December 5, 2016

Brexit and Baltic Sea Security

Caroline Davies, Royal Navy Media Archive / Flickr

The result of the UK’s June 2016 referendum on continued membership of the EU was unexpected and its consequences may be wide-ranging and grave. This report considers the impact of the UK’s exit from the European Union (‘Brexit’) on the security of Estonia, the Baltic Sea region and Europe more widely. Its focus is hard security – military security and defence.

The UK is a defence and security actor of considerable prominence, able to contribute significant military capability to the organisations and operations in which it participates. It is, however, sceptical about the place of the EU in defence matters and has achieved a certain level of infamy for its perseverance in obstructing the further development of an EU defence dimension. One immediate consequence of the Brexit referendum result was a burst of ideas for further EU defence integration, which has led to an agreement on the first steps for implementing the EU Global Strategy in the area of security and defence.

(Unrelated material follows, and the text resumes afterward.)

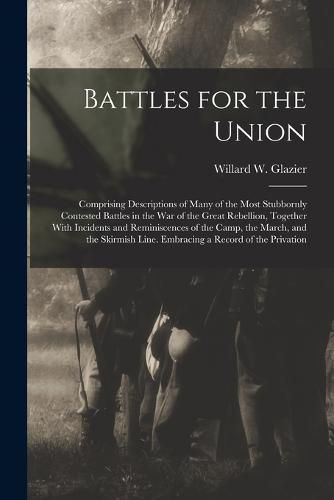 Cover image for Battles for the Union; Comprising Descriptions of Many of the Most Stubbornly Contested Battles in the war of the Great Rebellion, Together With Incidents and Reminiscences of the Camp, the March, and the Skirmish Line. Embracing a Record of the Privation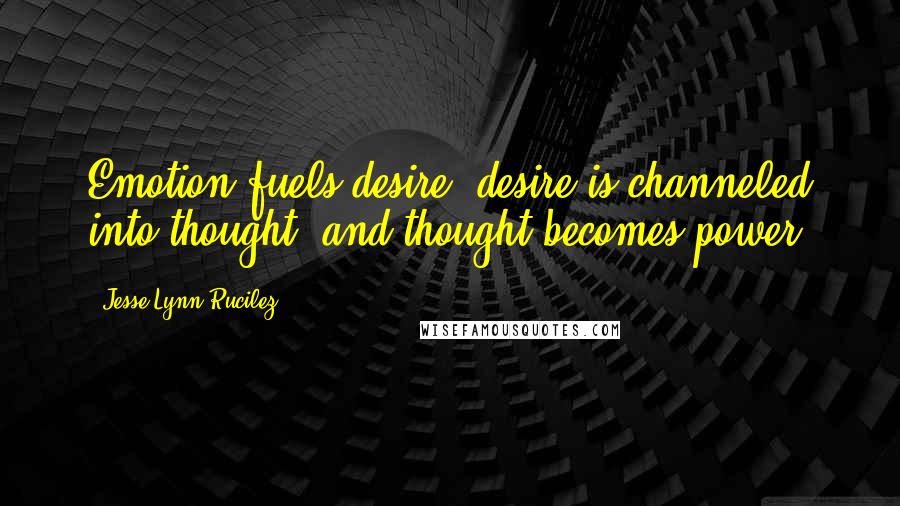 Jesse Lynn Rucilez Quotes: Emotion fuels desire, desire is channeled into thought, and thought becomes power!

Not all member states, however, are enthusiastic for these ideas. Interviews conducted for this report with officials and researchers in the Baltic Sea states of Denmark, Germany, Estonia, Finland, Latvia, Lithuania, Poland, Sweden, and also in the UK found that interviewees believed that their countries shared with the UK approaches to security that would be harder to pursue after Brexit without the active support of the UK itself, and were largely sceptical about the need for further defence integration in the EU. In general, though, interviewees felt that the character of the European security environment post-Brexit is very difficult to forecast and the many factors that will contribute to shaping it are highly uncertain, complex, and intertwined.

In these circumstances, scenario planning methodologies offer perhaps the best means of thinking about the future and informing policy decisions. The report thus identifies a range of possible post-Brexit scenarios as a vehicle for testing policies and identifying those likely to result in maximum benefit and minimum cost.